▶ The problem
Leave the pictures aside and copy all the data exactly.

▶ Data
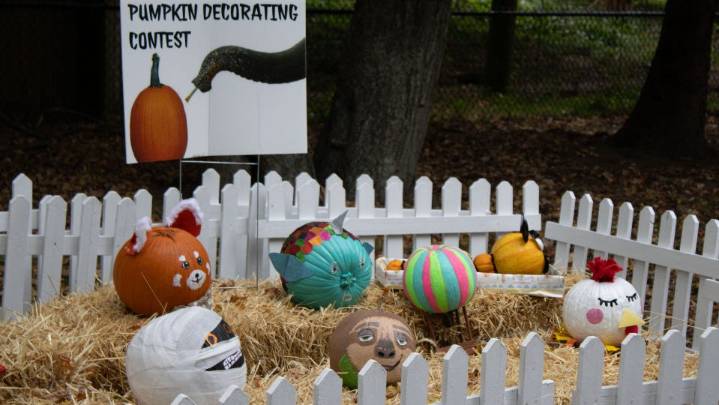 Boo at the Zoo returns to Buttonwood Park with new activities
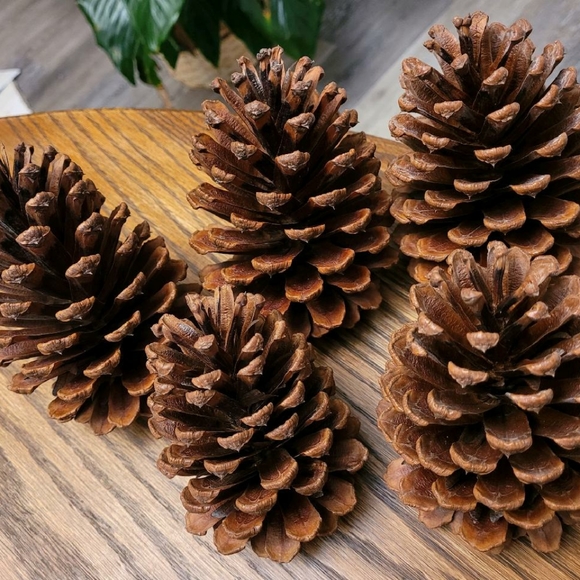 Pine Cones - Picture 3 of 3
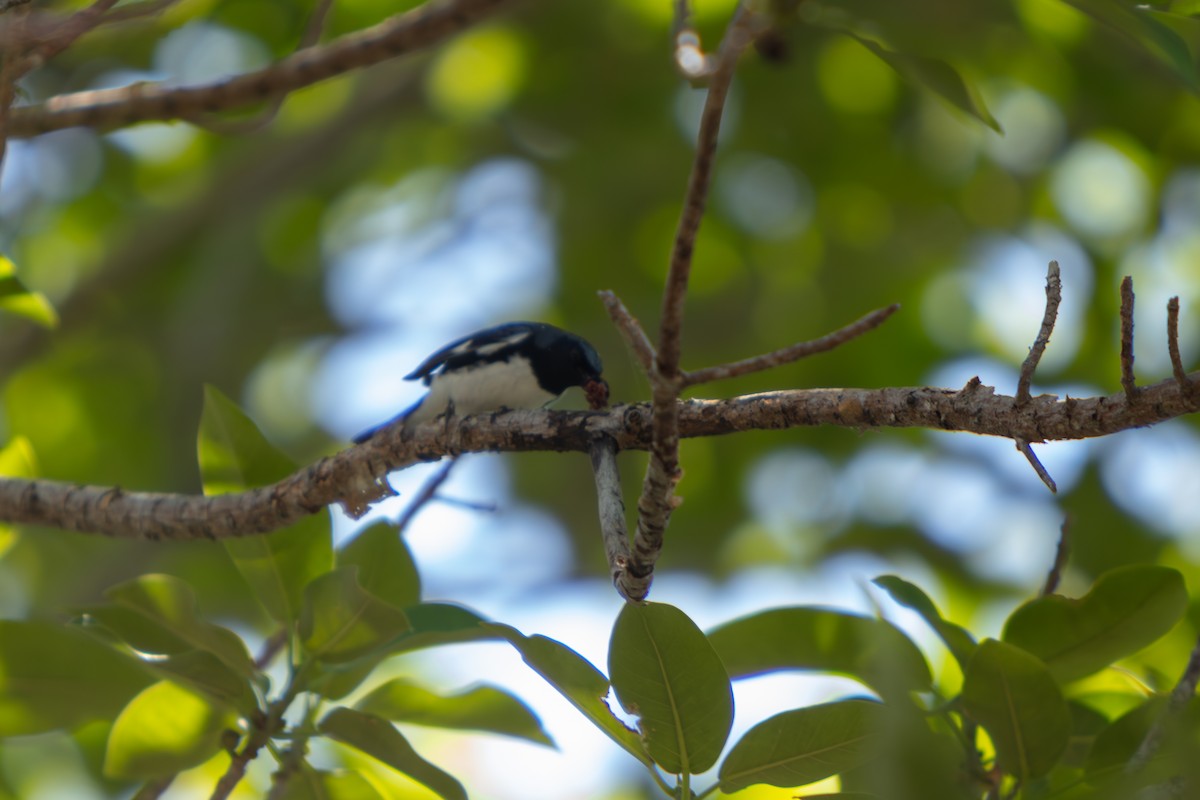 Black-throated Blue Warbler - ML646554668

▶ Answer below
 Boo at the Zoo returns to Buttonwood Park with new activities
 Pine Cones - Picture 3 of 3
 Black-throated Blue Warbler - ML646554668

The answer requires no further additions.